Medidas contra aumentos da energia são insuficientes, defende AEP

O Governo anunciou uma série de medidas para responder à escalada dos preços da energia, mas são "manifestamente insuficientes", defende a AEP, que avança com quatro propostas.

As medidas anunciadas pelo Governo para travar a escalada dos preços da energia são positivas, mas “manifestamente insuficientes“. É a Associação Empresarial de Portugal (AEP) que o diz, ao defender que as soluções apresentadas pelo Executivo não permitem travar o “forte agravamento dos custos energético” nem melhoram, “de forma sustentada” a competitividade fiscal do país na área da energia.

“A situação das empresas requer rapidez na decisão e celeridade e pragmatismo na aplicação das medidas”, salienta a AEP. “Preocupada com a fragilidade da situação em que vive grande parte da indústria nacional”, a associação decidiu apresentar quatro propostas.

A primeira delas é a reorientação do Plano de Recuperação e Resiliência (PRR) para “socorrer as empresas” nesta fase. A AEP sugere, em concreto, direcionar os 715 milhões de euros previstos para a descarbonização da indústria para a redução da fatura energética das empresas, “que tem vindo a crescer de forma exponencial e insustentável devido à guerra” na Ucrânia.
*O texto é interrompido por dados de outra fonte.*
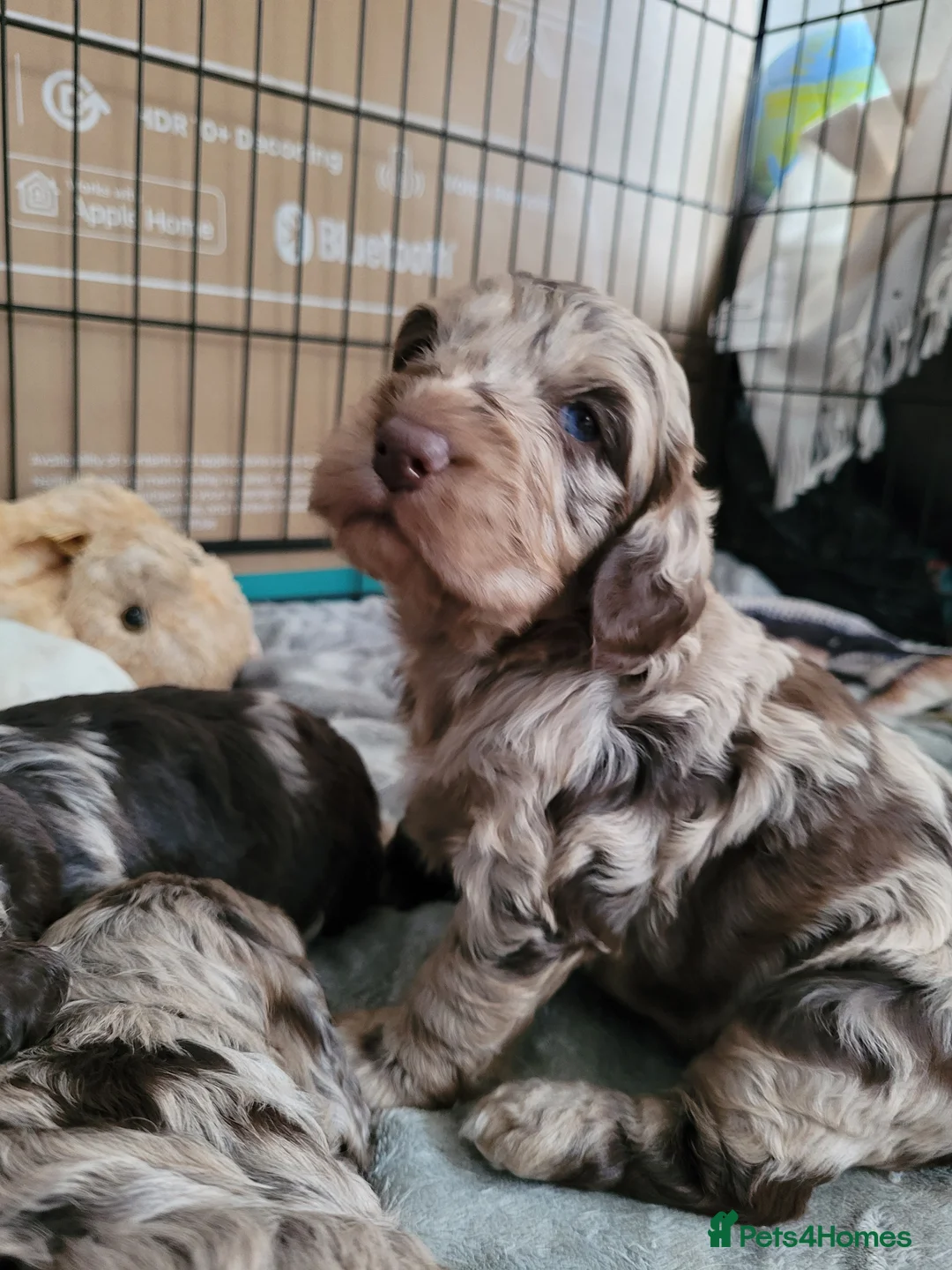 Miniature Poodle dogs for stud: Chocolate Merle Miniature Poodle for stud in Warrington - Advert 13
Ainda no âmbito da “bazuca” europeia, a associação defende a utilização de modo eficiente dos 578 milhões de euros separados para a transição digital na Administração Pública, “de modo a diminuir o elevado valor da despesa corrente primária (42,1% do PIB em 2020, que se traduz na quinta maior taxa de esforço orçamental na UE) e assim reduzir a carga fiscal sobre as empresas, nomeadamente a que incide sobre a energia”. A AEP entende que a transição digital da Administração Pública deverá também servir para agilizar a chegada às empresas de apoios e fundos europeus.

Por outro lado, a associação empresarial propõe uma redução substancial da carga fiscal sobre a energia, ao nível do gasóleo, do gás natural e da eletricidade. Isto de modo a anular a subida extraordinária desses custos energéticos enquanto durar a guerra e “aproveitar a oportunidade para contrariar, de forma permanente, o nosso défice de competitividade fiscal de energia”.

Além disso, a AEP quer que o Governo abra as portas do lay-off simplificado aos setores mais afetados pela crise energética, estando em causa uma das medidas mais emblemáticas do período pandémico e que permite aos empregadores reduzirem os horários de trabalho ao mesmo tempo que recebem da Segurança Social uma ajuda para o pagamento dos salários. Atualmente, apenas os empregadores que estejam de portas fechadas por imposição legal ou administrativas (isto é, confinados) podem aceder a este regime.

Na área laboral, a AEP quer ainda aumentar a flexibilidade das empresas por via do regresso do banco de horas individual, que terminou em outubro de 2020. “Atualmente, apenas é permitido o banco de horas grupal, aplicado ao conjunto de trabalhadores de uma equipa, secção ou unidade económica”, salienta a associação.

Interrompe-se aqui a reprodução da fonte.